There have been many companies and individuals involved in the research and development of AI since its creation. Companies such as IBM with their Deep Blue AI system designed specifically for playing chess, Boston Dynamics and their various robots, or Amazon, Apple and Google with many different existing and potential uses for AI, involving huge investments in its development, have been pioneers on the market for years. But with so many actors in this field today, who can navigate what’s important or who to follow? Here are a few important names to get you started:
We can’t talk about AI without first mentioning Turing and his many contributions to AI development. In the mid-20th century, Alan Mathison Turing was one of the first people to consider the question of computer intelligence and machines that can learn from experience. He envisioned a hypothetical computing device which would consist of limitless memory and a scanner moving through the memory reading and writing symbols guided by a program of instructions. Such a device is now known as the Turing machine, and it became a model for all later digital computers. Turing’s way of envisioning this machine was important because it assumed the possibility of a machine modifying and improving its own program. He suggested that humans use available information as well as reason in order to solve problems and make decisions, so why can’t machines do the same thing?
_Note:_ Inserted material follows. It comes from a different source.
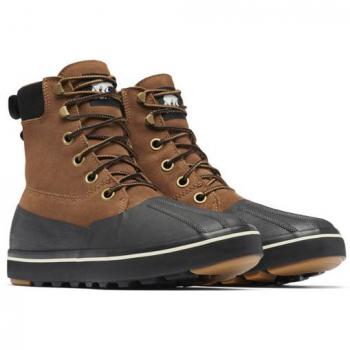 Scarpe Sorel Cheyanne Metro II Invernali Uomo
Turing introduced many concepts central to the world of AI today and laid the theoretical foundations of computer science. In 1950 he came up with the Turing test, a practical test for computer intelligence widely used today. The test includes a computer, a human interrogator and a human subject, and takes place over a keyboard and display screen. The goal is for the interrogator to ask many different questions in order to try and distinguish the human from the computer. If the computer can successfully carry a dialogue and the interrogator isn’t able to tell the human from the computer, then the computer has passed the test and is considered an intelligent, “thinking” entity.
Turing did many things and is credited with a number of ideas and inventions, but one very interesting fact should also be mentioned: in 1945 he predicted that one day computers would play chess maybe even better than humans. A little over 50 years later, the previously mentioned IBM chess computer named Deep Blue succeeded in beating Garry Kasparov, the reigning world champion. This was the first documented case of AI competing and winning against humans in a contest of any sort.
Luciano Floridi is Professor of Philosophy and Ethics of Information at the University of Oxford, and the Chair of the Data Ethics Group of the Alan Turing Institute. He is an expert in the fields of digital ethics, the philosophy of information, and the philosophy of technology. He has written several books related to the issue of ethics within AI and the digital revolution, and has been an important voice in this field.
In his article “What the Near Future of Artificial Intelligence Could Be”, he discusses the different definitions and ways of understanding and defining AI, the way how AI functions and handles different tasks based on their complexity and their difficulty, as well as the possibilities of how AI could develop, what the likely scenarios are and what are the human biases on doomsday scenarios that are not actually likely to happen. In other written pieces and presentations he talks more about the different dilemmas that currently exist around AI’s complexity, autonomy, ability to interact, help, and much more. As a professor of ethics, he naturally points to the importance of sufficient research and work to develop AI in the right direction.
Floridi recognizes the possibilities of AI to help our lives and how the digital economy can complement our analogue economy, but he also mentions the potential issues of such new technologies and the unequal distribution of benefits coming from the wide development of the AI revolution. Some of his thoughts on different issues and possibilities of AI can be seen in the following interview given in 2018:
Even though she is not a person, Sophia is important to mention as Hanson Robotics’ most advanced human-like robot, who is among the most sophisticated robots currently in existence. Sophia 2020 includes facial expressions, gestural arms and hands, autonomous social interactions, an integrated software development kit, and a choice of mobility bases, including a self-navigating option.
It’s important to mention that there are more sophisticated robots than Sophia, and more important ones as well. From robots that can dance and move very similarly to humans, to snake-like and other animal-shaped robots being created for tasks ranging from entertainment to important search and rescue operations, there are many advancements in this field every year. But Sophia still serves as a great example of how advanced different uses of AI are getting. If you’re interested in seeing Sophia talk and interact, there are many videos of her in various situations interacting with others, such as in this video where she is introduced to Jack, Audi’s self-driving car:
A computer able to interact with humans, participate in dialogue, walk, gesture and even show facial expressions, while at the same time being able to solve many tasks and problems more efficiently than humans is a big step forward from Turing and his then hypothetical intelligent computer. All of this has happened in only around 70 years, and growth with computer intelligence and computing power usually happens exponentially, so a world with even more sophisticated robots with many different uses isn’t far. It is on us to make sure that, going forward, we move in the right direction, and with the right intentions for the future.